Yaşar Nuri Öztürk tam sayfa reklam vermiş, iktidara gelince idam cezasını geri getirecekmiş. Çünkü bu ceza, Avrupa’nın dayatmasıyla kaldırılmış...
Eh, bu da, mazotu bir liraya satmanın bir başka türü olsa gerek.
Çünkü hocanın da “namazı üç vakite indirmek” gibi bazı projeleri vardı, bu seçim kampanyasında onlara yer vermemiş, daha başka çözümler sunuyor. Yaşar Nuri Hoca beni de mahkemeye verdi, fakat mahkemeye adam vermek gazeteye reklam vermeye benzemediğinden, hakim davayı reddetti.
Kendisini tarama özürlü alnından öpüp, dev kıyağımı yapıyorum. Hocanın partisinin adı Halkın Yükselişi Partisi’dir, oylarınızı ona veriniz ki halk yükselsin.
Bir yandan da kendi kendime soruyorum: Yahu küçük partiler niçin küçük partilik ederler?
Bırakın koalisyon umudunu, koltuk kapmayı falan... Hiçbir seçimi hiçbir şekilde kazanmasına imkân olmadığını, barajı aşmasının da imkânsıza yakın derecede güç olduğunu bile bile, insan nasıl alay konusu olmayı göze alır? Nasıl, kargaların bile gülmeyeceği saçmalıklar peşinde koşar?
Elbette kimisinin derdi, son anda bir büyük partiye “eklemlenmektir.”(...)
Bu dümen kimi zaman tutar, kimi zaman tutmaz.
Kimisi “seçim ittifakı yapacağız” diye atar tutar, kimse yüz vermeyince de “bizim ittifaka ihtiyacımız mı var canım” ayağına yatar.
Kimisi, bal gibi “iltihakı” yani katılmayı, ittifak diye yutturmaya kalkar.

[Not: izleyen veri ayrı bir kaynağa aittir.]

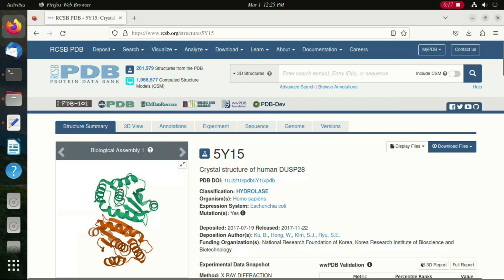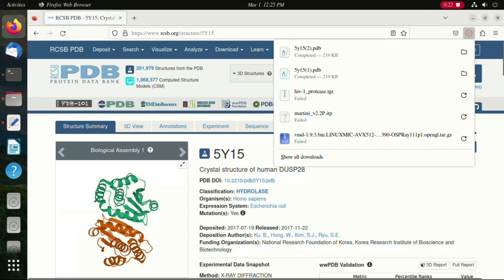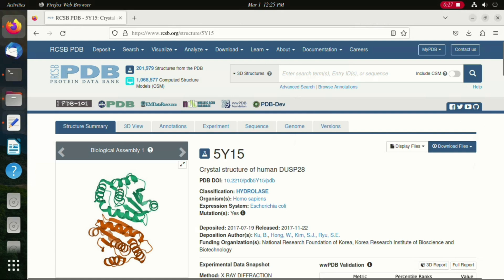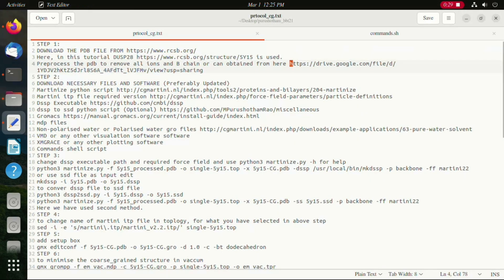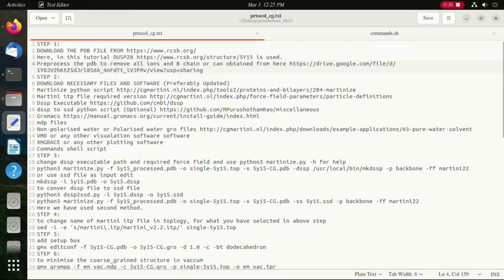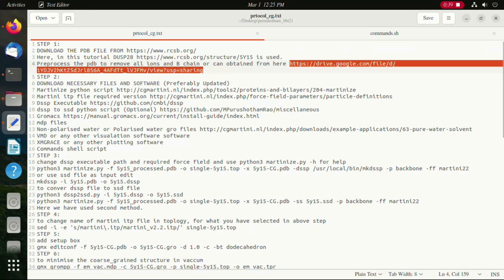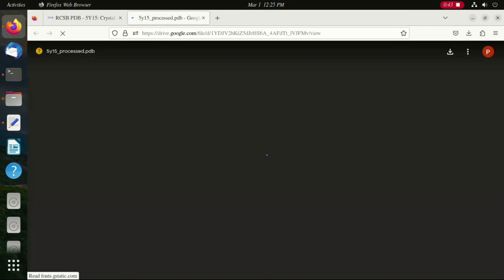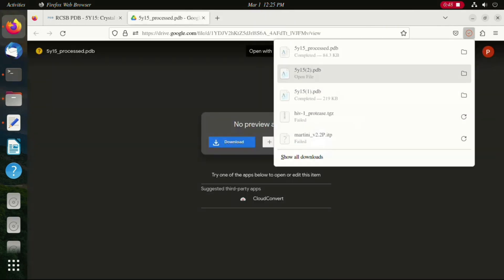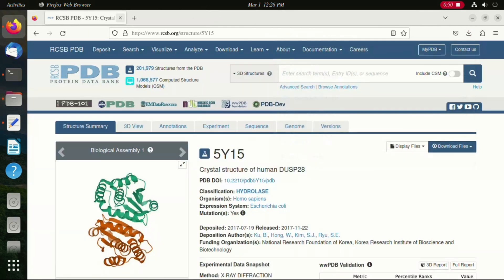In the process we are downloading the protein structure. From the link shared, you can obtain the Martinize Python script, which is available along with the Martini 2.2 ITP file. We also need to download the DSSP executable file and install it.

Kimi liderin derdi de “ben yaşıyorum” diyebilmektir. Yokolmadım, hayattayım, henüz sesim çıkıyor. Beni unutmayınız... Hani, işsiz kalan gazeteci arkadaşların bir süre Internet’te yazıp, kendilerini unutturmamaya çalışmaları gibi... Kimisi için televizyonda görünmek, gazetelerde resminin çıkması, adının geçmesidir önemli olan.

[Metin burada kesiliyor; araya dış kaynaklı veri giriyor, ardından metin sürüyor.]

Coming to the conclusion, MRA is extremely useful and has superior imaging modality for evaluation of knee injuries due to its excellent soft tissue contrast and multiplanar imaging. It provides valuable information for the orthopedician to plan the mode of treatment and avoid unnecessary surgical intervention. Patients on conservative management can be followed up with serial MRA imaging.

Çünkü birtakım medya soytarıları, yüzde bir oy almış ve alacak adama iktidar adayı muamelesi yaparlar, konuştururlar da konuştururlar, sırf hükümete pislik olsun diye. O da “vay ben neymişim” havasına girer.
Bir de adını sanını kimsenin bilmediği tabela partileri vardır. Bunların kurucuları, başkanları, yöneticileri falan, ötekiler gibi “siyaseten bitmiş” bile değildirler. Başlamamışlardır ki bitebilsinler...
Emekliler kahvesinde maça kızı oynayıp paslanmasınlar, hanım evde temizlik yapacağı zaman kapının önüne koyunca gidebilecek bir yerleri olsun diye mi açarlar o parti merkezlerini acaba? Acaba bu işin bir de “psikopatolojik” boyutu var mıdır? Hani megalomani falan...
Öyle ya, kazanamayacağın kavgaya girmenin akılcı bir yönü olabilir mi? “Bile bile lades” akıllı işi midir?
İstatistik bilimi bize her partinin mutlaka “bir miktar” oy alacağını söylüyor. Hiçbir partinin “sıfır çekmesi” mümkün değildir.
Acaba bu oylar mı hoşlarına gidiyor, bizi de beğenen varmış sevinciyle? Bilmiyorum ki, insan niçin kendi işine gücüne bakmaz da gider parti kurar yahu? Hani ne kadar hoş ve boş da olsa bir “ideolojin” falan bulunsa anlayacağım, o da yok.
Belli bir oy oranını tutturamayınca devletten para da alamıyorsun, cebinden harcıyorsun, Türk Eğitim Vakfı’na ya da Veremle Savaş Derneği’ne bağışta bulunsan daha hayırlı bir iş yapmış olurdun.